Jonnie Peacock, right, wins the T44 100m at the World Para Athletics Championships. Photograph: Paul Harding/PA
Jonnie Peacock, right, wins the T44 100m at the World Para Athletics Championships. Photograph: Paul Harding/PA

Jonnie Peacock strikes London gold again in T44 100m final

This article is more than 6 years old
Aled Davies stays on course for double after T42 discus gold
Maria Lyle adds bronze to one from Rio in T35 200m

Almost five years after bursting into the public consciousness with a stunning victory at the 2012 Paralympic Games, Jonnie Peacock returned to the London Stadium to strike gold again in the T44 100m at the World Para Athletics Championships.

Peacock, who was just 19 when he became one of the faces of the 2012 Paralympic and Olympic summer by winning gold in the blue riband event, had to work hard to hold off the challenge of the USA’s Jarryd Wallace and South Africa’s Johannes Floors but there was still fresh air between the winner and his rivals as he crossed the line.

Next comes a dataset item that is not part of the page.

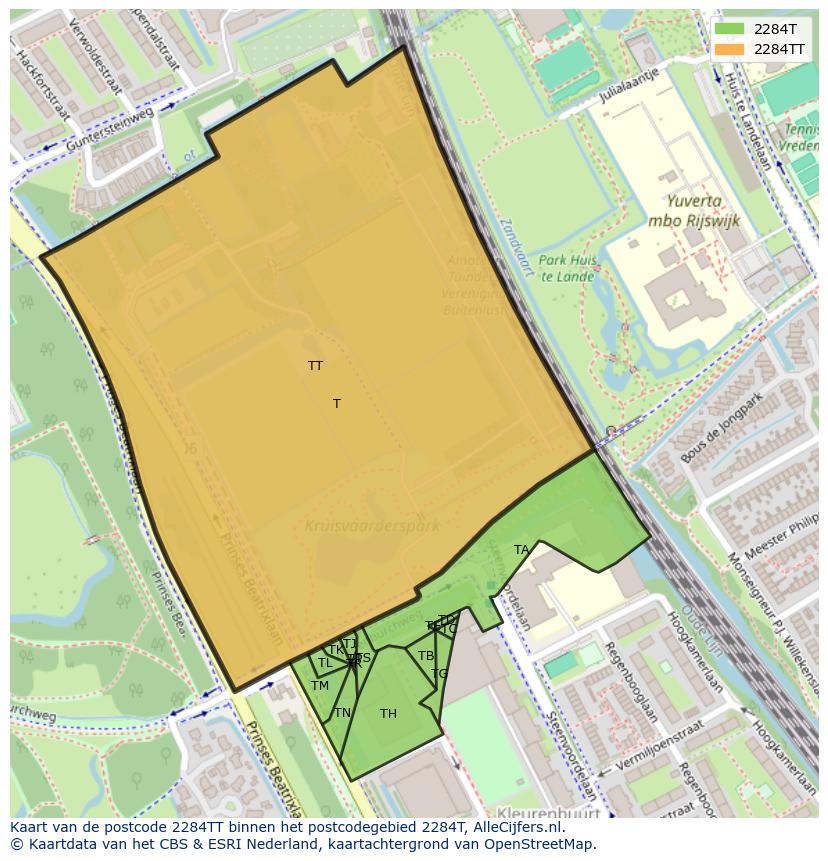Afbeelding van het postcodegebied 2284 TT op de kaart.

The 24-year-old could be seen mouthing “Wow” as the roar went up around the stadium when his name was announced in the heats – “It was absolutely phenomenal,” said Peacock of the atmosphere – but as he stormed over the line in a personal best 10.64sec, smiling for the cameras to the right of the track from 30 metres out, it was those in the stands who were left open-mouthed in admiration. The time was just three-hundredths of a second outside the world record.

A challenge to Richard Browne’s mark of 10.61sec seemed on the cards in the final, and though that did not materialise Peacock, who had his right leg amputated below the knee after contracting meningitis at the age of five, still did more than enough to take his second world championship gold.

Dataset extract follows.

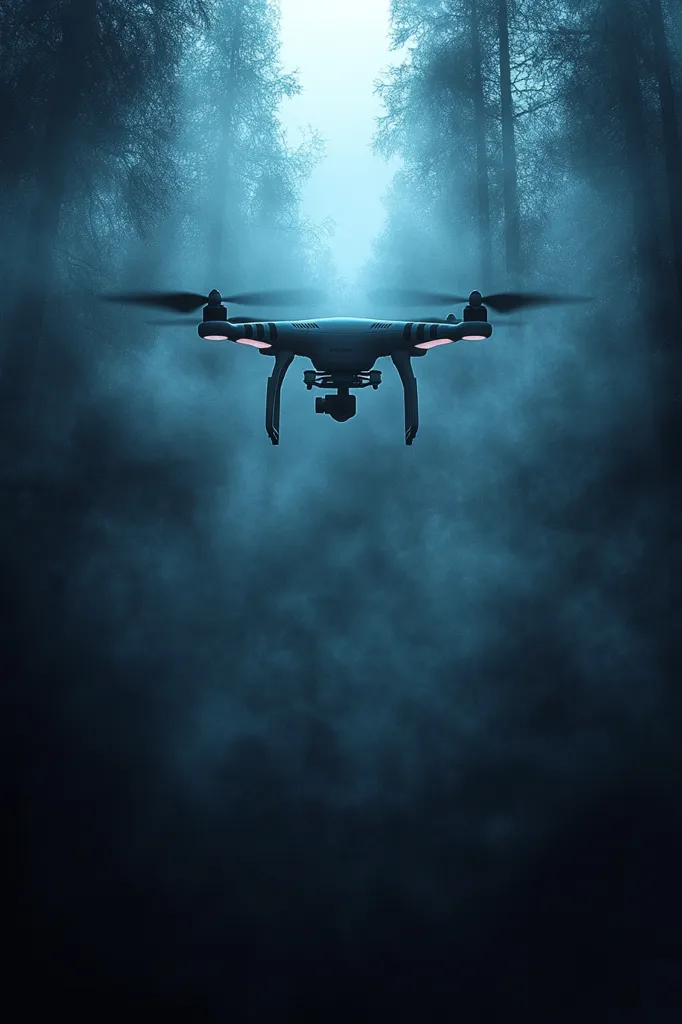 A drone hovers in the air, its silhouette sharply defined against the backdrop of a dense, misty forest. The scene is shrouded in an ethereal blue haze, creating a sense of mystery and intrigue. The drone's presence suggests surveillance or exploration in this hidden world. The overall mood is one of eerie silence and anticipation, hinting at an unknown story unfolding within the shadowy depths.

“I was feeling some serious cramp in the warm up, my hamstring gripped so much, that was why I was stretching‚” said Peacock, who recovered from a sluggish start to come home in 10.75sec. “I was just thankful that I finished the race. When it comes to the final it’s not about the times.

“I definitely could have gone faster. I am always going to look back and think I could have done it, if I had held up better I could have done it. But at the end of the day, I came here for the world title and I’m thankful that I finished the race in one piece.”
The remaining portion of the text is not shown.